One of the consequences of the discovery of mirror neurons was the possibility of deriving subjectivity from intersubjectivity at the sub-personal level of description. The sense of self is precociously developed, beginning from a self that is first of all physical and bodily, and which is constituted precisely by the possibility of interacting and acting with the other. Embodied simulation can provide the neurobiological basis for early forms of intersubjectivity, from which the sense of the self is built. The discovery of mirror neurons and the simulation mechanism would therefore seem to further stress that being a self also implies being with the other. The model of intersubjectivity suggested by mirror mechanisms and embodied simulation correlatively sheds new light on the subjective dimension of existence. Let us see first what type of intersubjectivity mirror neurons seem to suggest.
The discovery of mirror neurons gives us a new empirically-grounded notion of intersubjectivity connoted first and foremost as intercorporeality—the mutual resonance of intentionally meaningful sensorimotor behaviours. The ability to understand others as intentional agents does not exclusively depend on propositional competence, but it is highly dependent on the relational nature of action. According to this hypothesis, it is possible to directly understand the meaning of other people’s basic actions thanks to a motor equivalence between what others do and what the observer can do. Intercorporeality thus becomes the main source of knowledge that we have of others.

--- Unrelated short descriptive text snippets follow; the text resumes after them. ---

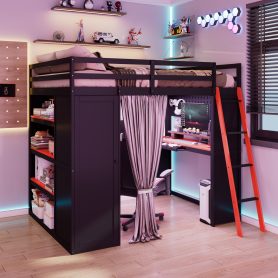 Full Size Wood Loft Bed with Wardrobe, Shelves, Blackout Curtains and RGB Lights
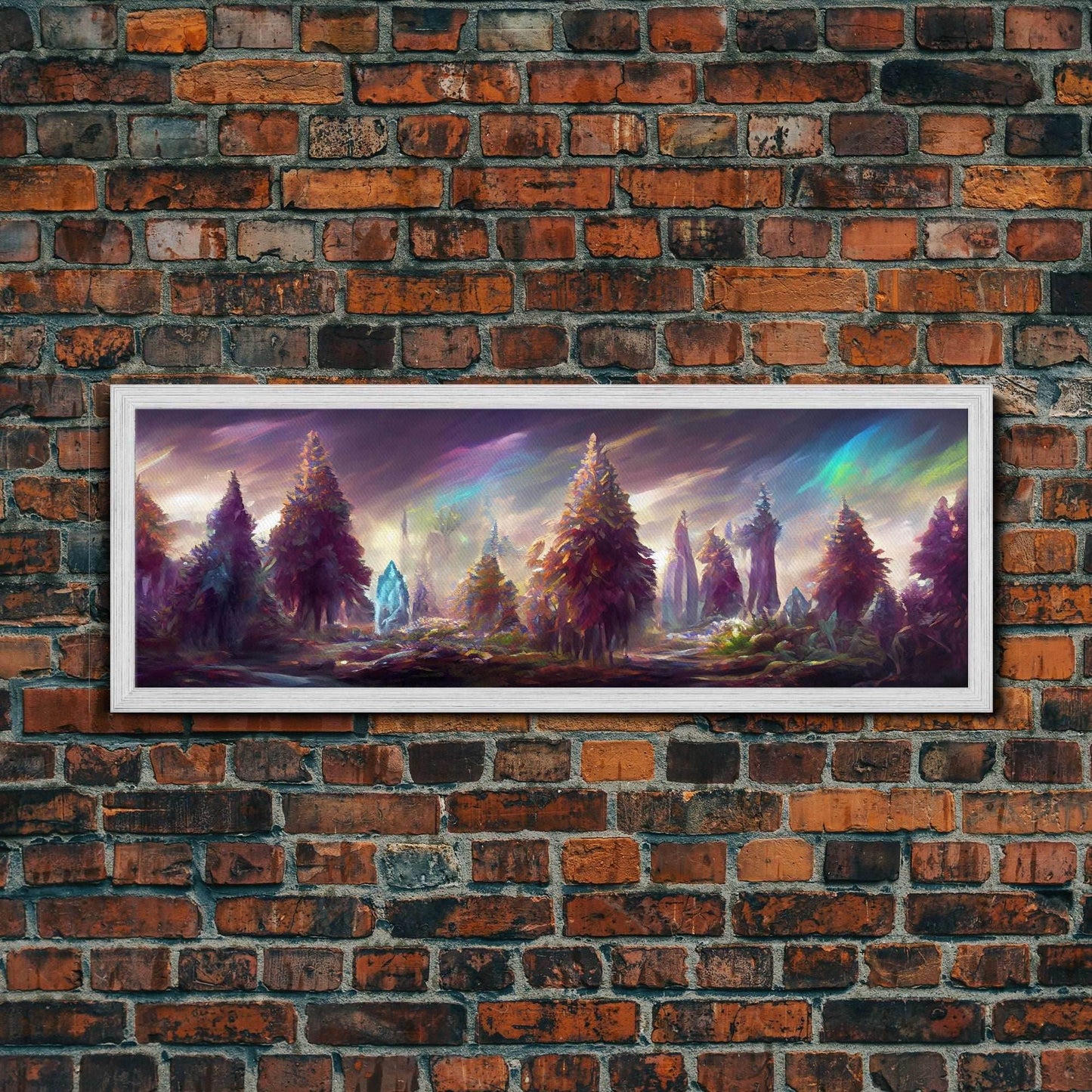 RPG Art, High Fantasy Forest Wall Art, Ready To Hang Canvas Print, Panoramic Art, Fantasy RPG Concept Art - 10x30 Inches / Gold Frame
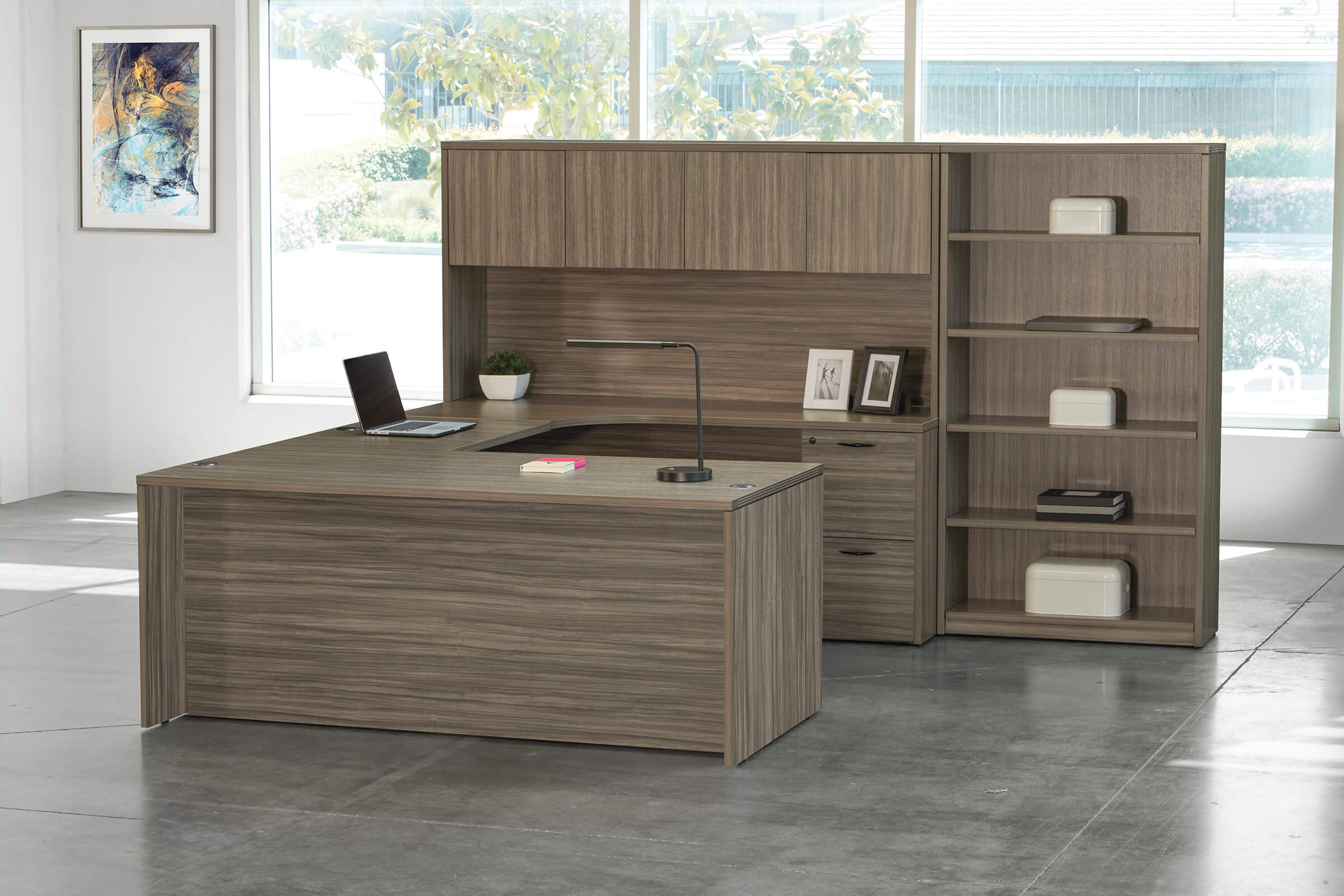 U shaped desk u shaped desk with hutch contemporary u shaped office desk urban walnut space view left U shaped desk u shaped desk with hutch contemporary u shaped office desk urban walnut space view left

The motor simulation instantiated by neurons endowed with “mirror properties” is probably the neural correlate of this human faculty, describable in functional terms such as “embodied simulation” (Gallese 2003a, 2005, 2011; Gallese & Sinigaglia 2011b).
Action constitutes only one dimension of the rich baggage of experiences involved in interpersonal relations. Every interpersonal relation implies the sharing of a multiplicity of states like, for instance, the experience of emotions and sensations. Today we know that the very nervous structures involved in the subjective experience of emotions and sensations are also active when such emotions and sensations are recognized in others. A multiplicity of “mirroring” mechanisms is present in our brain. It was proposed that these mechanisms, thanks to the “intentional attunement” they generate (Gallese 2006), allow us to recognize others as our fellows, likely making intersubjective communication and mutual implicit understanding possible. The functional architecture of embodied simulation seems to constitute a basic characteristic of our brain, making possible our rich and diversified intersubjective experiences, and lying at the basis of our capacity to empathize with others.